Now we check if there are any differences in the content of the images between the three classes.
We primarily used Google’s Cloud Vision API to process and extract image content features.
Cloud Vision API provides tools to identify objects and text in the image effectively, and works quite well even for non-English text. We obtained the features related to objects, text and faces from the image. Specifically, we extracted the following features:
(I) Safe Search features: detects whether the image contains violence, racy, adult, etc.7https://cloud.google.com/vision/docs/detecting-safe-search
(II) Objects features: detects what objects are contained in the image.
(III) Text features: Identifies text in the image (OCR) and if text exists, we create a tf-idf vector of the bag of words from this text.
(IV) Face features: For images with faces, we extract facial features, like whether the person is angry, surprised, smiling, etc.
(V) Color features: Identify the dominant colors in the image.

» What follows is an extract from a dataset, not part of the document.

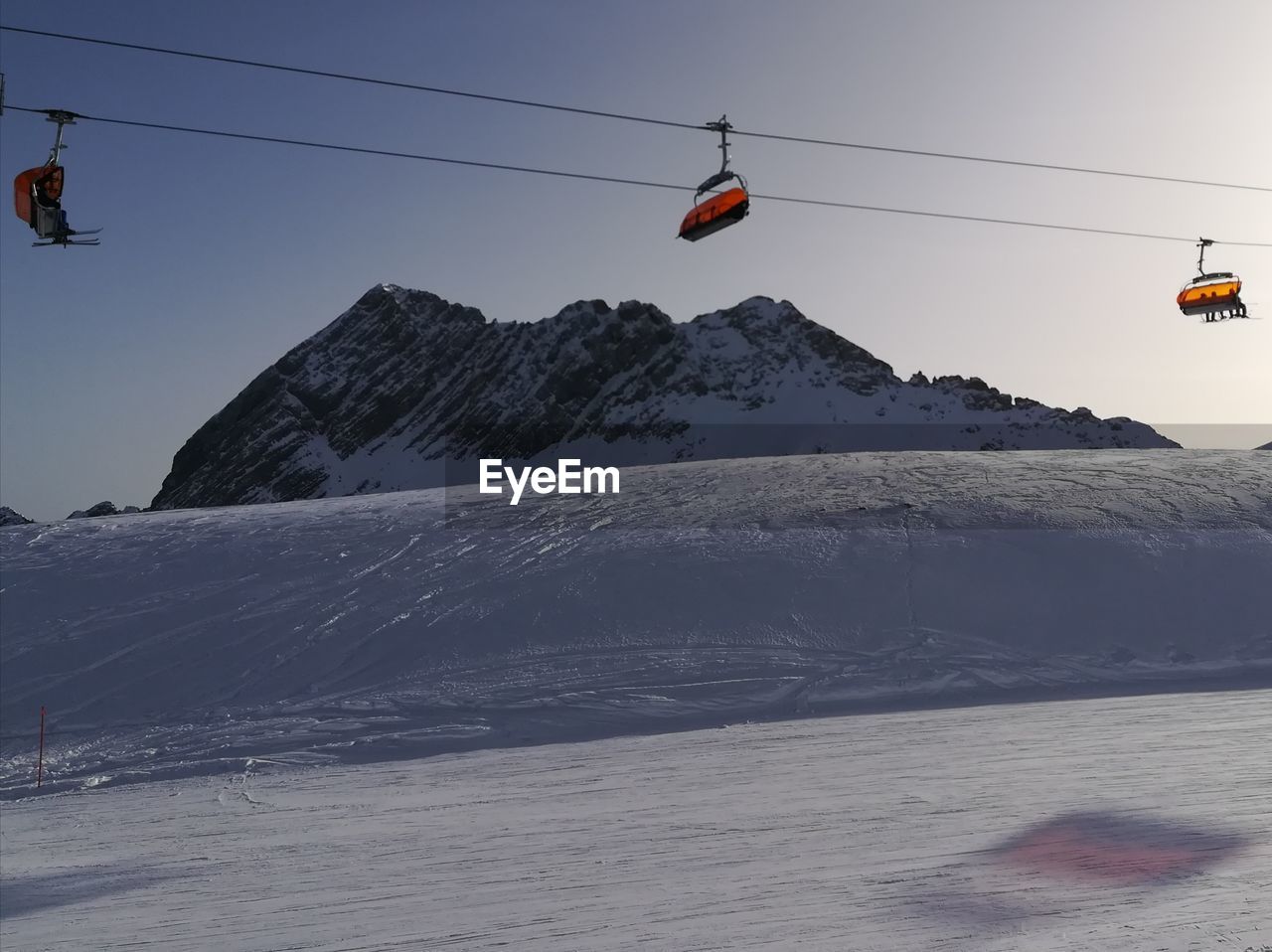 Overhead cable car over snowcapped mountains against sky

In addition to the content features from Cloud Vision, we also obtained the fraction of pixels in an image that have been manipulated (Wu et al. 2019) and used a pre-trained convolutional neural network (CNN) trained with Facebook’s ResNext architecture. We used a publicly available model8https://pytorch.org/hub/facebookresearch_WSL-Images_resnext provided by PyTorch pre-trained on ImageNet. The model is trained to predict one of the 1,000 ImageNet classes, given an image. For each image, we just consider the last layer of the model, a 1000-dimensional vector, indicating the probability of the image belonging to one of the 1,000 ImageNet classes as the features. We also included the text that was posted along with the image. To do this, we first obtained Doc2vec embeddings for text before and after the image. This gave us a 200 dimensional feature vector for text before and after each image. We tested multiple classifiers using the above features and chose a Random Forest classifier since it provides the best accuracy. All results reported are the mean of a 10 fold cross validation.

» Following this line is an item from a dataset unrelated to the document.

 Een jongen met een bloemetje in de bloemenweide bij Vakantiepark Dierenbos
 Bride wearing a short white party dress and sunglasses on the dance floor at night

We also tested the classifiers on the three types of image misinformation: images taken out of context, memes and manipulated images. Our expectation was that these features, specifically engineered for a specific type of misinformation would help in detecting that subset of misinformation images. We hypothesize that the following category specific features would work well. (i) Out-of-context images: Web domains. Web domains indicate the domains which are returned on a Google reverse image search for the image. Out-of-context images are typically shared by low quality domains or by domains which might have fact checked the image. Typically such low quality or fact checking domains are not returned for other categories of images, (ii) Manipulated images: We used a state of the art computer vision technique, which detects pixels which might have been manipulated (Wu et al. 2019). From this, we computed the fraction of pixels in an image which could have been manipulated. The intuition was that this fraction would be higher for manipulated images. However, the technique fails in our case since a lot of images which do not fall into this category are also falsely labeled as manipulated (see Figure 4 for an example), and, (iii) Memes: text on the image. Memes contain a lot of text on them. This category mostly contains memes with false quotes and statistics. The idea was that using text related features (e.g. tf-idf vectors), we could identify such false text.